I see that you just remixed Derrick May’s “Strings of Life” and Chez Damier’s “Can You Feel It”. Are you getting more offers to put your spin on classic songs?
Yes we had the opportunity to remix these two great classics for Defected and we remixed another big one last year for King Street Sounds, Kerri Chandler’s “Bar A Thym”. We really love to remix House classics because most of them are tracks that we have played and supported a lot in our past DJ sets and we are now proud to give them a new touch. At the moment we are working on a remix for Great Stuff containing a sample from “Intro” by Alan Braxe and we have just closed a deal to remix Joey Negro’s project Jakatta “American Dream” for Z Records. We are currently also working on David Morales’ “In The Ghetto” for Stereo Productions and have signed three remixes for King Street Sounds for tracks from DJ Pierre, Cevin Fisher and Kerri Chandler that we will also release on our label Lapsus Music. So we will be quite busy with remixes.
Since you are both young producers more familiar with the digital age, I’m sure you’ve heard some of the older producers lament about how the music industry has changed. You used to be able to make money off of your music, now it’s really with DJing gigs.

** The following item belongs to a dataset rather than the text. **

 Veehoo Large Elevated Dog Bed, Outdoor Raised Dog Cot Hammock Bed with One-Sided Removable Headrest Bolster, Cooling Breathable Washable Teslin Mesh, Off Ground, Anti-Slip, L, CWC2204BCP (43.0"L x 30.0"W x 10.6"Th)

What is your take on this change?
We started DJing and producing many years ago, so we had the chance to also live the vinyl era. For sure, until some years ago it was easier to make money with records but it was also really expensive to rent a studio or to buy studio equipment to produce music. Now the digital market has changed everything. To buy a song is really cheap and fast and to find a free download is unfortunately very easy. But producing a record now is easier and cheaper and you don’t need to rent expensive studios for a long time to finish your track… this means that there is less money in the music business but more space for creativity.
Anyway, even today if you make a big hit, you can still make some money from a record and you can have the opportunity to spin around the world and get money from the gigs.
You know what my absolute favorite song of yours is? “Marana!” What is that song about?
We wrote this song one night on a terrace in front of the beach. The sound of the waves inspired us with some Latin flavor, that’s why we used that Brazilian piano pattern. We were in the Punta Marana’s gulf in Sardinia, thus we have called the track “Marana.”